A l’approche de la Journée du Travail (NDT : 5 septembre 2011), il peut sembler étrange que ce jour soit devenu l’occasion de célébrer la place et la force des syndicats. Ces dernières années, les syndicats ont disparu des usines et du secteur privé ; mais soutenus par leur poids politique, ils ont tenu bon, voire grandi, au sein de la fonction publique. En 2010, le nombre de personnes syndiquées y a même dépassé celui du privé (7,6 millions contre 7,1). Mais ce qui est le plus surprenant est la façon dont les « droits des travailleurs » ont été identifiés aux droits des syndicats – et du même coup se sont détachés radicalement de la compréhension du « droit naturel » au travail.

Historiquement, cette compréhension a été mise en avant avec une force et une clarté rares par l’autorité politique, en particulier par une proclamation de Louis XVI en 1776. L’édit royal avait été préparé par Turgot, estimable ministre des Finances et défenseur de premier ordre du libéralisme en économie et en politique. L’objet de l’édit était de casser le privilège du contrôle de l’emploi qu’avaient les guildes, les compagnies commerciales et les monopoles en général, y compris ceux du gouvernement lui-même.
L’édit rejetait explicitement la prémisse faisant de l’Etat le propriétaire présumé de tout ce qui permet de gagner sa vie. Le monarque indiquait que ce système de régulation avait ses avantages pour ceux qui détenaient ces privilèges, mais que cette « illusion » de bénéfice dissimulait une « infraction au droit naturel ». Il rejetait donc l’idée que « le droit au travail soit un privilège royal que le roi puisse vendre et que ses sujets soient tenus de lui acheter ». Dieu, en donnant à l’homme des désirs et des souhaits l’obligeant à travailler pour les satisfaire, avait conféré à tous les hommes le droit de travailler, et cette propriété était le premier de leurs droits, le plus sacré et le plus imprescriptible.

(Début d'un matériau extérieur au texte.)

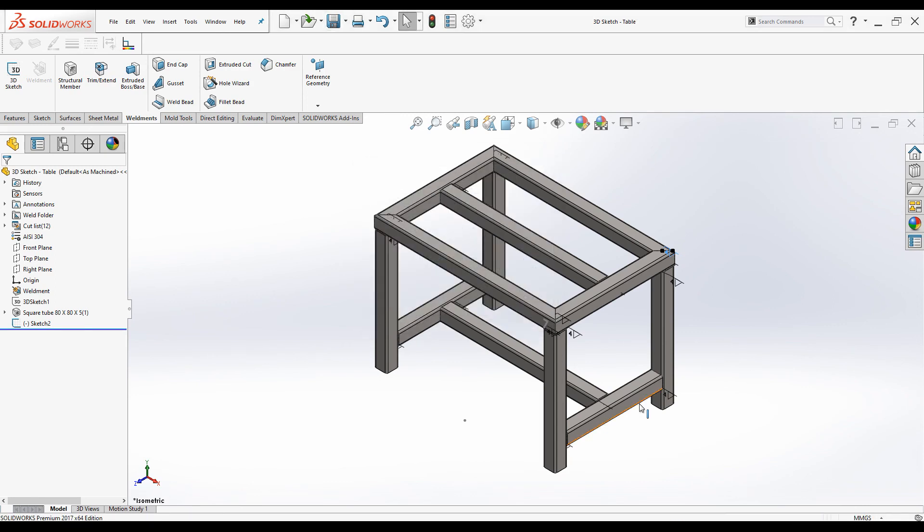I hope you now know how to add weld bead to a weldment structure. Using the Smart Weld Selection Tool is the best and quickest way to add weld beads. If you found this video useful please like, subscribe to this channel to receive similar video updates. Thank you for watching.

Un peu plus d’un siècle plus tard, Léon XIII posa les bases morales de cette compréhension dans son encyclique « Rerum novarum » (1891). Le Saint-Père mettait en garde contre les schémas socialistes qui évacueraient la propriété, de telle façon que « les possessions individuelles dussent devenir la propriété de tous, administrée par l’Etat. » L’ouvrier lui-même, disait-il, serait parmi « les premiers à souffrir ». En effet, le rejet de la propriété privée en tant que droit supprimerait les bases sur lesquelles le travailleur s’appuie pour réclamer comme sien le fruit de son travail, à savoir « que tout homme a par nature le droit de posséder un bien propre. »

Les socialistes, pour leur part, en tentant de transférer les possessions des individus à la communauté au sens large, s’attaquaient aux intérêts de tous les salariés, puisque cela les privait de la liberté de disposer de leurs salaires et donc leur enlevait tout espoir et toute possibilité d’accroître leurs ressources et d’améliorer leurs conditions de vie.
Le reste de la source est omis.